Für das Urteil über den aus Amerika bereits im November 1945 heimgekehrten

Döblin, den einzigen prominenten Autor, der sofort nach Westdeutschland

zurückkehrte, als es ihm möglich war, ist dieses Daseinsrätsel ungemein wichtig.

Ein Ärgernis besteht in seiner politischen Essayistik. Es steht, wie alles

beim Dualisten Döblin, unter dem Signum des Gegensatzes. Je näher man an

ihn herantritt, desto widersprüchlicher wird er. Er predigt Vernunft und Aufklärung,

sie sind seine heraldischen Zeichen, aber sie hindern ihn nicht, im

nächsten Moment sich in Naturmystik zu versenken. Verstand und das, was

Leiden schafft: gleichviel. Im Reich der alleinigen und ausschließlichen Ratio

ist Döblin ein vaterlandsloser Geselle. Er ist Rationalist in dem Sinne, dass

er über die Grenzen der Vernunft nachdenkt. Das hat manchen Forscher zu

wüsten Urteilen veranlasst.

Döblins Widersprüche bilden ein Gewebe: Spruch und Widerspruch, nicht

voneinander zu trennen. Wer da überbetont und wer unterbetont ist, kann

man, angesichts der Geschwindigkeit der Umkehrungen, kaum ausmachen.

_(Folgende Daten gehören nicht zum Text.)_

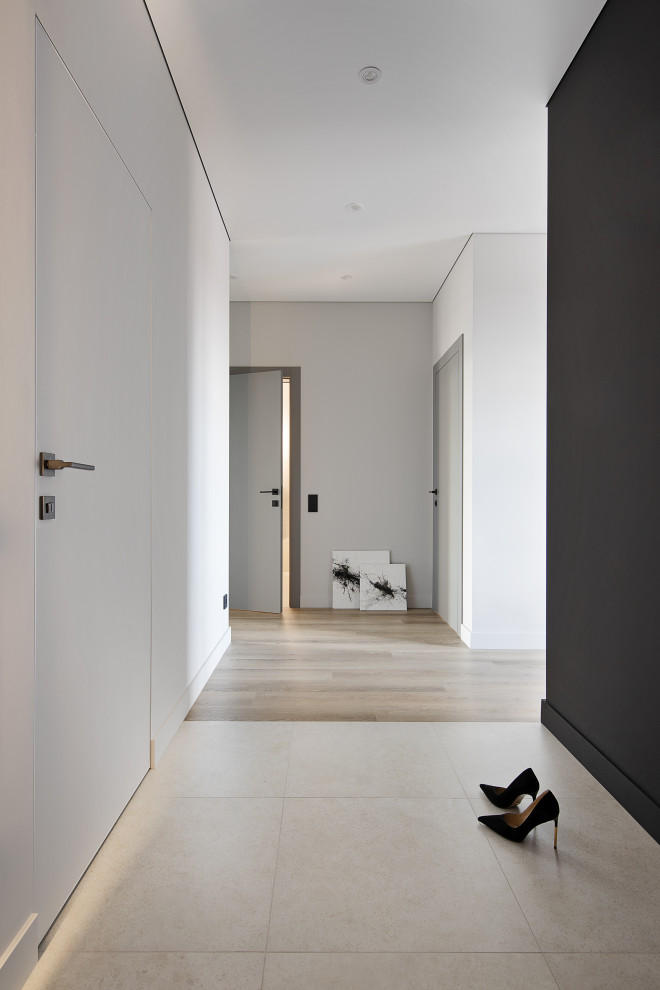 Реализованный дизайн-проекта квартиры под сдачу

Warum nur hat der Nach- und Vordenker Döblin nicht gewartet, bis das eine

oder andere zur Ruhe kam: geklärt und stillgelegt? Aber gerade das hat er gescheut:

die Stilllegung. Es kommt in diesem biographischen Versuch darauf

an, ein Denken zu beleuchten, das Resultate nicht verabsolutiert, das sich

der Suchbewegung widmet, das in aller Treue zum Werk nach wandelbaren

Lösungen strebt. Der Unruhe, dem Denken, das Köder auslegt, das auch davon

handelt, dass es eine verlorene Sache ist, gilt die Aufmerksamkeit. Gerade

darin kann ja die Modernität Döblins auch liegen: dass man seinem Denken

als einer mehrstimmigen Polarität zusehen kann, dass es in dem, was es anbietet,

nie zu Ende kommen will. So wird sich diese Biographie Alfred Döblins

auch den Falsifikationen widmen, mit denen er sich befasst hat, und seinen

Irrtümern, aus denen er sich herauswand.

Seines Umfangs wegen liegt das Werk dieses Schriftstellers noch immer

wie ein Sperrriegel da und harrt auf eine umfangreiche Gesamtbesichtigung –

mit allen Risiken, die solch ozenaische Bemühung mit sich bringt, der Unschärfe

im einzelnen, der Vorläufigkeit. Eine solche Gesamtschau des Epikers,

Privatmythologen, politischen Schriftstellers und Feuilletonisten wird hier

versucht. Entscheidend ist die Konstellation, die sich als Modell in diesem

Meer an Einzelheiten abzeichnet: der Autor vor seinem Werk, seinem Gegenüber.

Der Autor als Akteur, der handelt, indem er schreibt, aber auch derjenige,

der von seinem Werk gelesen und gezeichnet wird.

Eine Zentralperspektive auf Alfred Döblin verbietet sich von selbst. Angestrebt

ist die Blickweise des Facettenauges: viele Einzelaugen in abweichender

Richtung setzen ein Großbild aus unterschiedlichen Bildpunkten zusammen.

Meine Arbeit war und ist vor allem im Ganzen den Abenteuern verpflichtet,

denen preußische Juden, Existentialisten, anarchische Außenseiter, Emigranten

in mehrfacher Ausprägung, verschollene Meister, Experimentatoren

im abgelaufenen Jahrhundert ausgesetzt waren. Sie haben eine Königsfigur:

Bruno Alfred Döblin, gestorben 1957 im Psychiatrischen Landeskrankenhaus

Emmendingen, dorthin für die letzten drei Wochen verbracht, weil anderswo

für ihn kein Platz zum Sterben sich fand. Von ihr soll erzählt werden.